Вертолёт рыкнул мотором, из него, как пар из ноздрей, вылетели два облачка синего выхлопа. Сначала медленно, будто воздух загустел от мороза, повернулись лопасти. Потом быстрее, разогреваясь. Слились в свистящий круг. Взметнулась метель. Вертолёт с натугой оторвал колёса от земли, словно внутри у него была непомерная тяжесть. Повис в беснующемся белом месиве, закрывшем ему путь из Шайтановки, немного повернулся, точно живое существо, которому снег залепил глаза, нащупал вслепую направление, наклонился, боднул метель стеклянным лбом и пошёл, набирая высоту, вниз по Печоре на Курью.


Могила на кладбище в Курье была уже готова. На санях от аэродрома подвезли гроб к рыжей яме с двумя кучами песка по краям. Четыре мужика опустили гроб на длинных полотенцах, которые по обычаю забрали себе. Зашептали, крестясь, курьинские старушки… Дочь Фотеича бросила на крышку гроба горсть песка первой, всхлипнула и совсем по-деревенски заголосила вдруг, упав на уже подмёрзшую землю.

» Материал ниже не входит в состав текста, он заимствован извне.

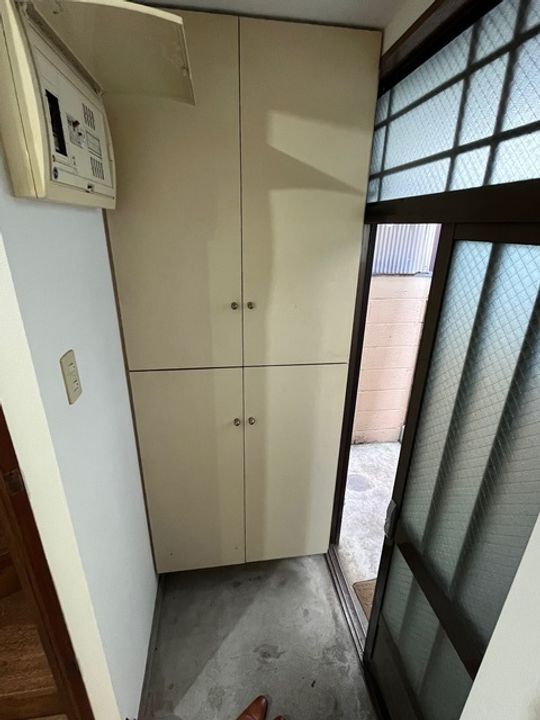 星川1丁目アパートの玄関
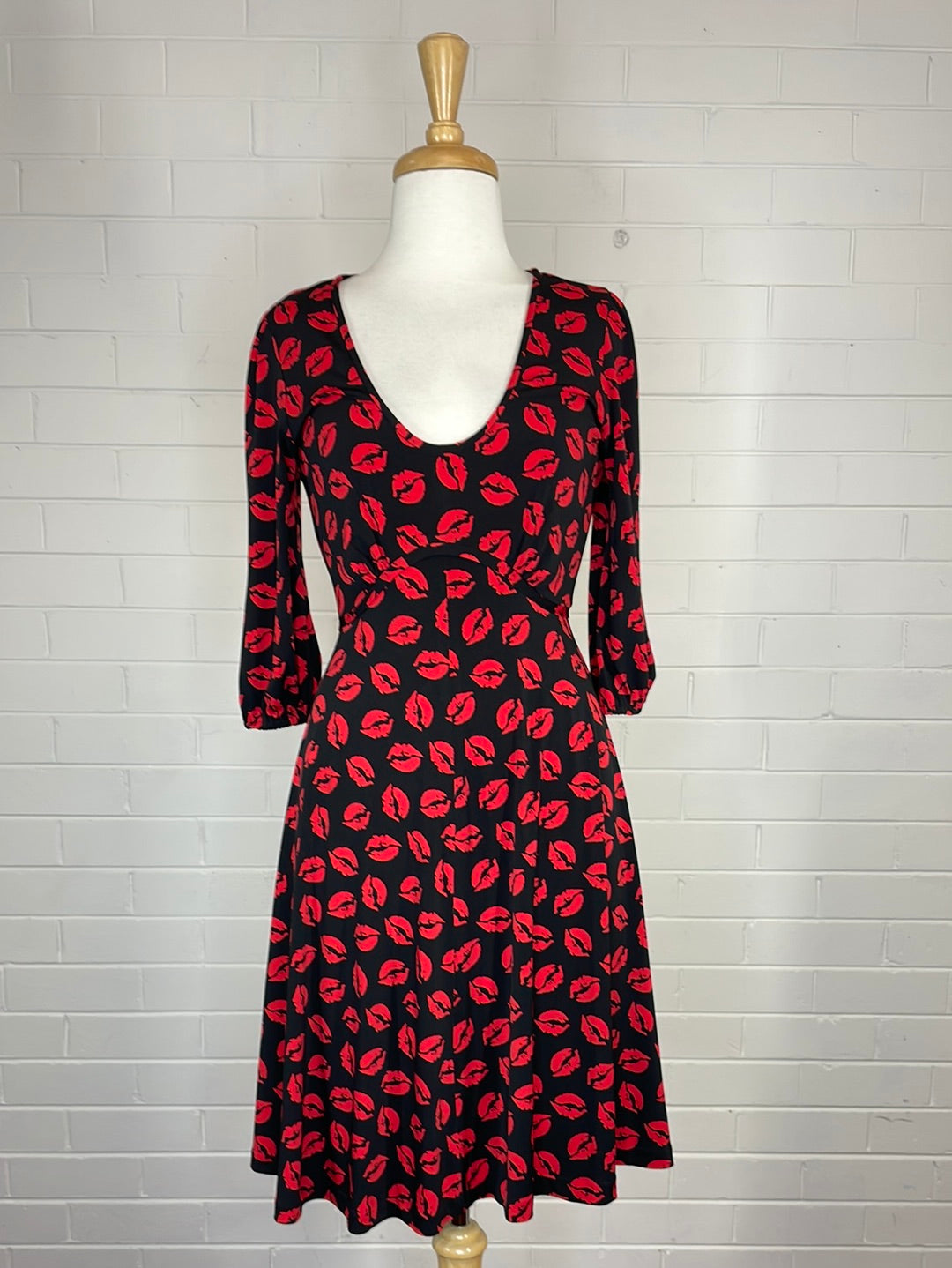 Leona Edmiston | dress | size 8 | knee length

Сюда она потом ни разу не приехала.

А на Шайтановке в это время сиял снег, сияло небо. По ивнякам перелетали, погуркивая, снегири. Ударил по их стайке невесть откуда вывернувшийся ястреб-перепелятник, промазал и исчез в ближнем ельнике на склоне горы Чалма. Лаяла и подвывала собака Фотеича, колол дрова Мирзоев…

Булькала подо льдом Шайтановка и где-то медленно переваливала по камушкам и дресве никому не видимую рукавичку старика Фотеича.